Work required
What you return should be exactly the lines from the one containing "Studded Red and" down to the final line of the listing, with nothing else.

Data
________________________
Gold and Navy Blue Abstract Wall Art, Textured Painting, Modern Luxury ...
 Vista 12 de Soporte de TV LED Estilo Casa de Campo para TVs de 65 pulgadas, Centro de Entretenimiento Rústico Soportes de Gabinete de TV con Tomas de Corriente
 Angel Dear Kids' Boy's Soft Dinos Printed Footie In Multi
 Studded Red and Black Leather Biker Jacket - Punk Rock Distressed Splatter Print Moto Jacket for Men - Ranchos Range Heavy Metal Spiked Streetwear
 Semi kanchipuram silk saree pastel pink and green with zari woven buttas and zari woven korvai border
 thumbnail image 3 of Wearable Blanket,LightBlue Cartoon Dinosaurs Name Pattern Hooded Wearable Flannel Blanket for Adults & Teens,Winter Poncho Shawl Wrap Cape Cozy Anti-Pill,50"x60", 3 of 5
________________________
Result
 Studded Red and Black Leather Biker Jacket - Punk Rock Distressed Splatter Print Moto Jacket for Men - Ranchos Range Heavy Metal Spiked Streetwear
 Semi kanchipuram silk saree pastel pink and green with zari woven buttas and zari woven korvai border
 thumbnail image 3 of Wearable Blanket,LightBlue Cartoon Dinosaurs Name Pattern Hooded Wearable Flannel Blanket for Adults & Teens,Winter Poncho Shawl Wrap Cape Cozy Anti-Pill,50"x60", 3 of 5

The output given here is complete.